Success with style: The making of restaurateur Steven Arroyo
Some people learn at an early age the wisdom of being ready when opportunity knocks. Steven Arroyo has made a career of yanking doors open before opportunity could even reach for the knocker. By so aggressively seizing not just the door but the moment, he’s turned himself into one of the city’s most successful restaurateurs. He owns two Cobras & Matadors, as well as Malo and Cobra Lily, and he’s now in negotiations to open Cobras & Matadors in Portland and Las Vegas.

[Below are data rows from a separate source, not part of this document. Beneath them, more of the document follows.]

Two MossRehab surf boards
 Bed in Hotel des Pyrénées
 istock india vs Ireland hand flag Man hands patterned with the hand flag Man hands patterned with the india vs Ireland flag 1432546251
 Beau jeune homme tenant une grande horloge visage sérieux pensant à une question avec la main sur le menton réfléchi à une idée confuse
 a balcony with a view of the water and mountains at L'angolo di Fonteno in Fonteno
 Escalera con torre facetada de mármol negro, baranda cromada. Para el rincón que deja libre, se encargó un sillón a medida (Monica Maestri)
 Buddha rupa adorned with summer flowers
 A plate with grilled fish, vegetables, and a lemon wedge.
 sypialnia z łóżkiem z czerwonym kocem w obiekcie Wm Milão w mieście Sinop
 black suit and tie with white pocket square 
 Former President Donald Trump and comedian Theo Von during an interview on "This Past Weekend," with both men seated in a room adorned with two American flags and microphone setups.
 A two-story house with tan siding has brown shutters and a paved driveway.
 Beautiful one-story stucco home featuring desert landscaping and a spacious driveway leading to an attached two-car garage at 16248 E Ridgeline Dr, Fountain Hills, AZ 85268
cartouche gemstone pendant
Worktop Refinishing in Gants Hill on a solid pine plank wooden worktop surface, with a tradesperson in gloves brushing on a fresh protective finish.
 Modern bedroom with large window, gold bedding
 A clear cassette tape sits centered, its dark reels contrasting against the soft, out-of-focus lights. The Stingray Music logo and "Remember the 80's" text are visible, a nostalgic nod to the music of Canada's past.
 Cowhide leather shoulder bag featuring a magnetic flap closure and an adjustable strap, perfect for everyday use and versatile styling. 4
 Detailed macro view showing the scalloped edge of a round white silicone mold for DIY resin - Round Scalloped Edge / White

Not bad for a 35-year-old whose grandmother ran a taco and burrito stand in East. L.A. and whose formal education stopped after high school.
Arroyo has dark, close-cropped hair, a dark beard and hooded eyes. He could appear foreboding, but his ready smile gives him a vaguely cherubic quality, especially when he speaks lightheartedly of his climb up the restaurant ladder.
Born in West Covina, the eldest of three children, Arroyo was 19 and still living at home when he got a job selling cappuccino in the Santa Anita mall. Six months later, when a repairman showed up to service his cappuccino machine, Arroyo talked him into hiring him as a repairman.
That was seized opportunity No. 1.
A year later, Arroyo went to the office of the manufacturer of the cappuccino machine to pick up a part -- and persuaded an executive there to hire him as a salesman.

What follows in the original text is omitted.